Hold my beer~!wwwwww@LizFoster What?

@AmazingMech2418 Lol

I was joking, I meant that I was going to make that a reality! (Lol)

@LizFoster Okay. I was just a little confused... So, now are you creating a 3D Riemann Sum? I think it would really be just two nested summations.

@AmazingMech2418 Well, think of it like it as a 3D heat map, in the shape of a dome. You would have rectangular prisms (instead of rectangles) nested inside the dome (probably centered). You would find the volumes of those rectangular prisms, and approximate the volume of the dome that way. As you make the length and width of those rectangular prisms smaller and smaller, it will approach the real volume of the dome.

@LizFoster Yes, but the issue would be trying to notate that. I think it would be something like

`\sum_{n=1}^{n_{x}}Δx\sum_{i=1}^{n_{y}}Δy\cdot f\left(x_{n},y_{i}\right)`

(copy into Desmos) which would be based on the right Riemann Sum. It is really just a nested Riemann Sum.@AmazingMech2418 Whew, that is interesting. Yeah, I suppose it really is just that!

@LizFoster Now, the question is what 3D integrals would be like...

@AmazingMech2418 That sounds amusing, but I'll see what I can do...

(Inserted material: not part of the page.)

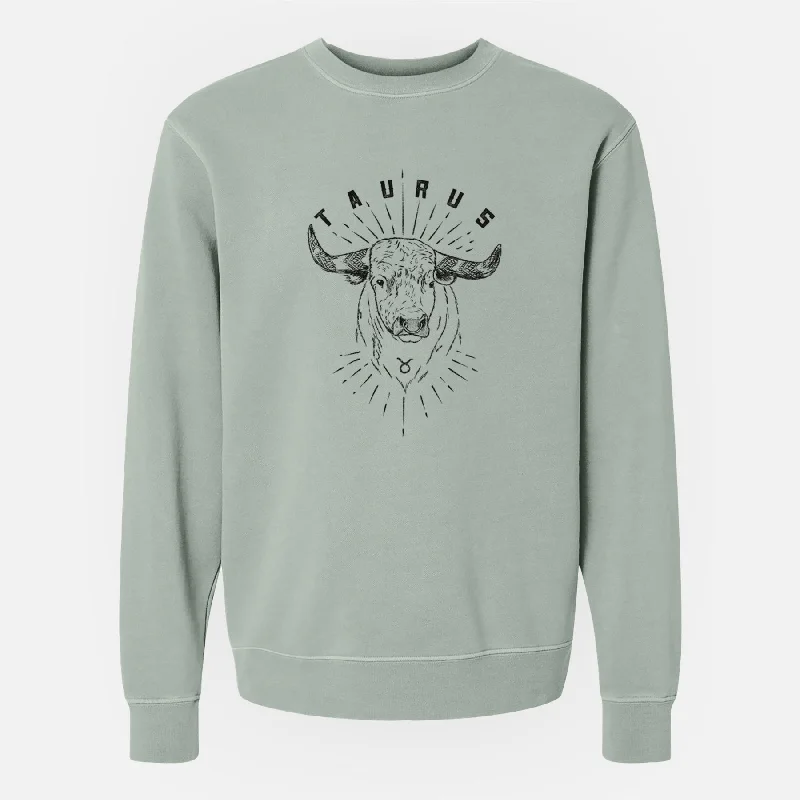 Band Merch SweatshirtsTaurus - Bull - Unisex Pigment Dyed Crew Sweatshirt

@LizFoster Actually, wouldn't that be something like

`\int_{0}^{n_{x}}\left(\int_{0}^{n_{y}}f\left(x,y\right)dy\right)dx`

? I'm not sure, but I think that's what it would be.@AmazingMech2418 and what would f(x, y) be exactly?

@LizFoster The function that you are finding the 3D integral of.

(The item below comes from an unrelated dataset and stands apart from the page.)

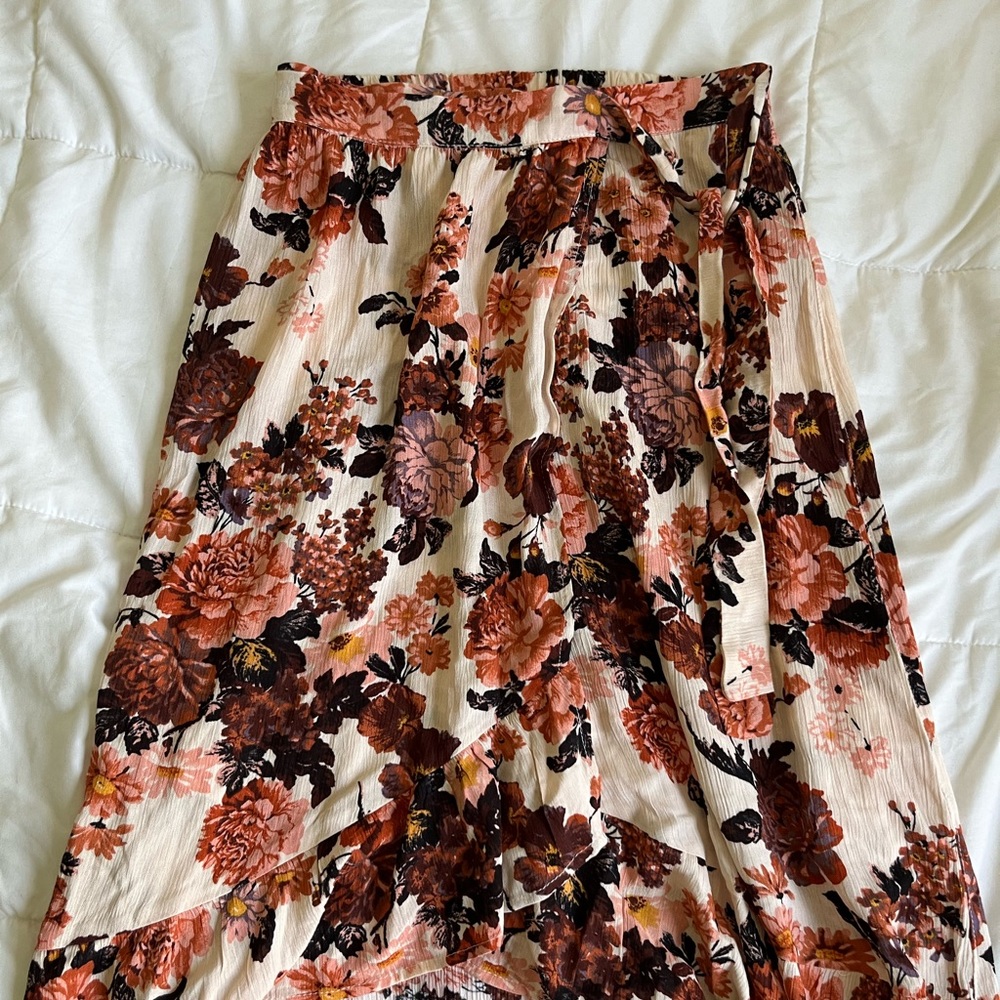 Floral Flowy Midi Skirt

@AmazingMech2418 Ah, of course. Sorry, I'm a bit sluggish right now -_-

@LizFoster So, do you think that would work for 3D integrals?

@AmazingMech2418 Possibly, but how would it find the z (depth) of each rectangular prism?

@LizFoster That would be the result of f(x,y). Kind of like how you use f(x) to get y in a 2D integral...

@AmazingMech2418 I'm not sure, I can't seem to get it to work properly..

@LizFoster Well, I don't think Desmos can handle 3D if you are using that.

@AmazingMech2418 No, I attempted using GeoGebra. That is incredibly slow, though, and I don't know what the syntax for integrals is there..

@LizFoster You could probably use LaTeX and copy it in there. I know Desmos at leasts uses LaTeX, so you could probably just copy from Desmos.

@AmazingMech2418 Alright, I'll try that..

@AmazingMech2418 Hold up, how do I access LaTeX? Is that like some special website I need to go to?

@LizFoster It's just an equation format. You can just type something in Desmos and copy and paste it and it will automatically format into LaTeX.

@LizFoster Any updates? Did it work?

@LizFoster By the way, what is Repl.it's issue with your post "Let's talk about π"? It's down again... I just replied to the person who is in charge of the bug reports, so hopefully it gets fixed (again) soon.

@AmazingMech2418 Yeah.

No, I can't seem to get it to work properly..

@LizFoster

`Integral(f(x),x)`

is how you notate integrals it seems. It does not seem to use LaTeX though, so you just have to do it all on GeoGebra.@AmazingMech2418 That's frustrating...

@LizFoster Yeah... However, it shouldn't take TOO long to just type it in there, but of course it is more inconvenient.

@AmazingMech2418 Jeez, this is exhausting to the mind.. I'll take a break for tonight....

@LizFoster Well, just imagine if you were doing something with quantum instead! (Actually, don't. That would be more exhausting)

@AmazingMech2418 Oh dear....

@LizFoster LOL! Though, I agree. It would probably be good for you to take a break for the day. (It would also probably be good for you to get more than four hours of sleep each night, but that's your choice...)

@AmazingMech2418 I should, but.. I work best at night!

@LizFoster Same here, but I know that if I get too little sleep, I will be grumpy the next morning. Probably the only times I get less sleep and am fine are when I have a competition or a rocket launch to watch (I really like space exploration).